Exercise details ->
Copy out each record below, exactly as given.

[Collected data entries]
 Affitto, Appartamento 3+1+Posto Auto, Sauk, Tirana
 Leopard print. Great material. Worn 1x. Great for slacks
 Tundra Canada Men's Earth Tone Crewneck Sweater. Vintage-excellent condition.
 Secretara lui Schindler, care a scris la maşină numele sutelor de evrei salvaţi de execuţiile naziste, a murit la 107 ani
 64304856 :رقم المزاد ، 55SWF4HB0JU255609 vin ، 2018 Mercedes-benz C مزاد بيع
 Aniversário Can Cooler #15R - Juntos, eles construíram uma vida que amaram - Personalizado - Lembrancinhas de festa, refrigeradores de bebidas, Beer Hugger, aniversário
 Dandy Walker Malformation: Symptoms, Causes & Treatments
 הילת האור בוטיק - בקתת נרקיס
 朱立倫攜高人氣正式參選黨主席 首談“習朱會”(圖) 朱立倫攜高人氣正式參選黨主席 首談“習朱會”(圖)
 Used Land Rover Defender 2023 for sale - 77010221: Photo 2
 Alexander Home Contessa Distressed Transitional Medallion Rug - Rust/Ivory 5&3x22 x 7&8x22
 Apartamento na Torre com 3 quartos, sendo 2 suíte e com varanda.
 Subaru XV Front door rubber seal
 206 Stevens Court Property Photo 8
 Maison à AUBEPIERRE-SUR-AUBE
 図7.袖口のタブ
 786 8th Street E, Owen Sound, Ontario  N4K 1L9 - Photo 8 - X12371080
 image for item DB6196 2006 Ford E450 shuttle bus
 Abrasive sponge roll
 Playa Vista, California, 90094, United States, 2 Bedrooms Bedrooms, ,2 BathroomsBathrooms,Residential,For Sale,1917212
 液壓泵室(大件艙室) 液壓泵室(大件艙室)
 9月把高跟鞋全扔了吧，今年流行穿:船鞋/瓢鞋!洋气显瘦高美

Result of the task ->
 Affitto, Appartamento 3+1+Posto Auto, Sauk, Tirana
 Leopard print. Great material. Worn 1x. Great for slacks
 Tundra Canada Men's Earth Tone Crewneck Sweater. Vintage-excellent condition.
 Secretara lui Schindler, care a scris la maşină numele sutelor de evrei salvaţi de execuţiile naziste, a murit la 107 ani
 64304856 :رقم المزاد ، 55SWF4HB0JU255609 vin ، 2018 Mercedes-benz C مزاد بيع
 Aniversário Can Cooler #15R - Juntos, eles construíram uma vida que amaram - Personalizado - Lembrancinhas de festa, refrigeradores de bebidas, Beer Hugger, aniversário
 Dandy Walker Malformation: Symptoms, Causes & Treatments
 הילת האור בוטיק - בקתת נרקיס
 朱立倫攜高人氣正式參選黨主席 首談“習朱會”(圖) 朱立倫攜高人氣正式參選黨主席 首談“習朱會”(圖)
 Used Land Rover Defender 2023 for sale - 77010221: Photo 2
 Alexander Home Contessa Distressed Transitional Medallion Rug - Rust/Ivory 5&3x22 x 7&8x22
 Apartamento na Torre com 3 quartos, sendo 2 suíte e com varanda.
 Subaru XV Front door rubber seal
 206 Stevens Court Property Photo 8
 Maison à AUBEPIERRE-SUR-AUBE
 図7.袖口のタブ
 786 8th Street E, Owen Sound, Ontario  N4K 1L9 - Photo 8 - X12371080
 image for item DB6196 2006 Ford E450 shuttle bus
 Abrasive sponge roll
 Playa Vista, California, 90094, United States, 2 Bedrooms Bedrooms, ,2 BathroomsBathrooms,Residential,For Sale,1917212
 液壓泵室(大件艙室) 液壓泵室(大件艙室)
 9月把高跟鞋全扔了吧，今年流行穿:船鞋/瓢鞋!洋气显瘦高美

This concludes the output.